Just Enough is the brand’s biggest multimedia campaign to date, including six television commercials, direct mail, organic and paid social with an “eight figure” investment from the brand all in all. Beauty companies are increasingly tapping television and larger-scale out-of-home advertising campaigns to reach new audiences, with brands like Cerave and E.l.f launching Super Bowl campaigns, while others experiment with billboards, pop-ups and longer-form social content.
According to Jones Road, the AI-derived insights helped to empower the company’s creative team by providing information that would normally have taken a human weeks to compile “in a matter of minutes,” according to Plofker.
The process also brought up new insights that the company hadn’t considered before. Plofker said he realised many customers felt like they needed to choose between a complexion product that provided enough coverage to alleviate the appearance of redness or other skin conditions and a product that didn’t actively exacerbate them. When marketing Just Enough, the brand made sure to communicate how the formula benefits the skin over time as well as offering immediate cosmetic benefits. He also said the exercise showed that some shoppers wanted foundations without SPF, rather than uniformly seeing the addition of SPF as a benefit, a possible consideration for future product development.
Plofker said he sees more opportunities in future to streamline processes like research or perhaps editing, but Jones Road’s core customers — and Brown herself — are still passionate about human creativity. On social media, especially in the 70,000-strong dedicated “Roadies” Facebook group, customers praise the brand’s realness, with its straight-talking marketing and usage of “real women” as models.

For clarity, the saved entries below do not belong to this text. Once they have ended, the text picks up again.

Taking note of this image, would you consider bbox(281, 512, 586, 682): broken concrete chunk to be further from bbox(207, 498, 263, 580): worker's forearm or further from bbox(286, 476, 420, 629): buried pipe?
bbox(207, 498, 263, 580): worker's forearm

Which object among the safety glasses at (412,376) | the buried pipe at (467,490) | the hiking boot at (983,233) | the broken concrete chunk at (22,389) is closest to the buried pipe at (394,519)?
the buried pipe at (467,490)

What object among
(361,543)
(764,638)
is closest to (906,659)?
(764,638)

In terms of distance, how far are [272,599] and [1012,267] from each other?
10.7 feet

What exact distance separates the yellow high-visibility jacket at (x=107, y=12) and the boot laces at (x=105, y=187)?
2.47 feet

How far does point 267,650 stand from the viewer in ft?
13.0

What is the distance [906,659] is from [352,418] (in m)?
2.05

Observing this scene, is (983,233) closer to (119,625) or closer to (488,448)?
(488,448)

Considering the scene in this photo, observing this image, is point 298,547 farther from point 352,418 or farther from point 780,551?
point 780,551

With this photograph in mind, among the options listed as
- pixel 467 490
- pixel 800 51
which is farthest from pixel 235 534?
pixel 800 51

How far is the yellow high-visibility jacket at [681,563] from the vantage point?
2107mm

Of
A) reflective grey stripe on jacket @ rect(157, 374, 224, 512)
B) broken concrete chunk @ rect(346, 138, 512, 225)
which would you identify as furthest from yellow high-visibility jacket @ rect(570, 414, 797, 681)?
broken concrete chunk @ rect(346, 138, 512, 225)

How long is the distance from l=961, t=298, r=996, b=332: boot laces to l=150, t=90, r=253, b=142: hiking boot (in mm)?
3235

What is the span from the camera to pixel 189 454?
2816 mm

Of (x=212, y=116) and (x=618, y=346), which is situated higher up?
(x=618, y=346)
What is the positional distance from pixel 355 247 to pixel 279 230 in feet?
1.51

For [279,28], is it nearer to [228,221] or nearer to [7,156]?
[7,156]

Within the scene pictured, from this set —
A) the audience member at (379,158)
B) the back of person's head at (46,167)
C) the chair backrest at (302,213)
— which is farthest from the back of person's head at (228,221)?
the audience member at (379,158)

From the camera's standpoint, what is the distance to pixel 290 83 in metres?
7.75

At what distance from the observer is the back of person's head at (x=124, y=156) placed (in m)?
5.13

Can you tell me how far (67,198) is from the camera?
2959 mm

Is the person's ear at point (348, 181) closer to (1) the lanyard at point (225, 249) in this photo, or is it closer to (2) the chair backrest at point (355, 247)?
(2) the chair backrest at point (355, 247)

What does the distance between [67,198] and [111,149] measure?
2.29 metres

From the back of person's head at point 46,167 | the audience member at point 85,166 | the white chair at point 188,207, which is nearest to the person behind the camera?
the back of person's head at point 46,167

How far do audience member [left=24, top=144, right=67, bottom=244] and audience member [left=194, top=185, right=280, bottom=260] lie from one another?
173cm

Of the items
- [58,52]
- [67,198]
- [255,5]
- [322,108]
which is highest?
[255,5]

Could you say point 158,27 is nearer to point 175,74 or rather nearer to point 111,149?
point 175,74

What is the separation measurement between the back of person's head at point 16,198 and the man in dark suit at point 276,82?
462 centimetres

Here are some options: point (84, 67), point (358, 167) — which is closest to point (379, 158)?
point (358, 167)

Brown said as a makeup artist, she’s still an “old-fashioned creative girl,” adding she finds AI “cool, fascinating and scary” all at once. “But I’m not afraid of what I don’t know,” she said, noting the beauty industry has changed drastically since she founded her original company back in the 1990s. “I just never fight it. I just go with it,” she said.

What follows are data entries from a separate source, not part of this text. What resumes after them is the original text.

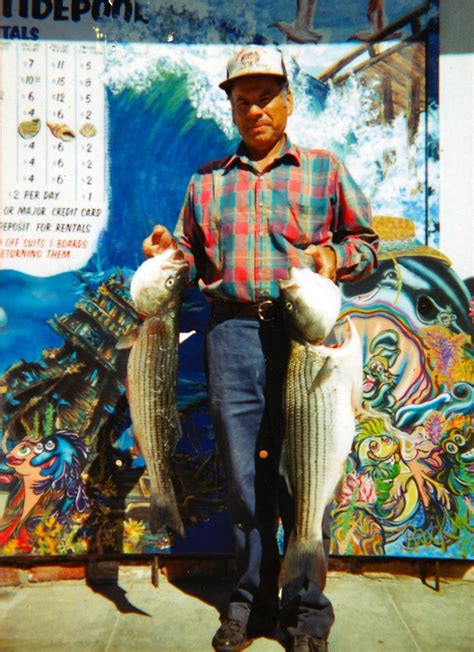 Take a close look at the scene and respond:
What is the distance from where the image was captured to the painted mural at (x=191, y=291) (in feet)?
12.3

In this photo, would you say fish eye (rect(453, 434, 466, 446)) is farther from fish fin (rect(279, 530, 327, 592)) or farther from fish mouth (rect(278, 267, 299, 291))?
fish mouth (rect(278, 267, 299, 291))

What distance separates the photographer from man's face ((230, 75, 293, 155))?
3.02 meters

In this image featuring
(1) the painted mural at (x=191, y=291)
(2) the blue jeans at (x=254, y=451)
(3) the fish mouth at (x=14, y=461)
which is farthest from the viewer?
(3) the fish mouth at (x=14, y=461)

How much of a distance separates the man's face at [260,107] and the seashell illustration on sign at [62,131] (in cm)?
119

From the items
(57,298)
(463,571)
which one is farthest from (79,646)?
(463,571)

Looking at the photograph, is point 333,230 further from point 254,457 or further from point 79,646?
point 79,646

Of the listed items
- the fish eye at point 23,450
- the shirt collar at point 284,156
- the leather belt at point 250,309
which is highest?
the shirt collar at point 284,156

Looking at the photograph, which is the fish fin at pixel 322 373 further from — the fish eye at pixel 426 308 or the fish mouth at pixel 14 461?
the fish mouth at pixel 14 461

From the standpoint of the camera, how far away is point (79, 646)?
3.11 metres

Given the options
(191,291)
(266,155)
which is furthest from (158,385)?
(266,155)

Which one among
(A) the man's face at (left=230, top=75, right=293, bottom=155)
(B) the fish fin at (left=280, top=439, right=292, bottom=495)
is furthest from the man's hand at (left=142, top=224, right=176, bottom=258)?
(B) the fish fin at (left=280, top=439, right=292, bottom=495)

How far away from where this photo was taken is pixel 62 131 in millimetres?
3846

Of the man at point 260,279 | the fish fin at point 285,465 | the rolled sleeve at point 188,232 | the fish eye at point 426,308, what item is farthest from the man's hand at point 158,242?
the fish eye at point 426,308

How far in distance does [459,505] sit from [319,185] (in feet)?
6.37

In the future, Plofker said AI could be useful for further research, or perhaps more rote tasks like video editing, saying the business has a small team and that automating workflows can free staff up to spend more time on creative projects or strategic initiatives. Notably, the company still wants to cast real human models, and let humans run its creative processes.
“When it comes to AI, there’s brilliance and creativity, but there’s got to be realness,” said Brown.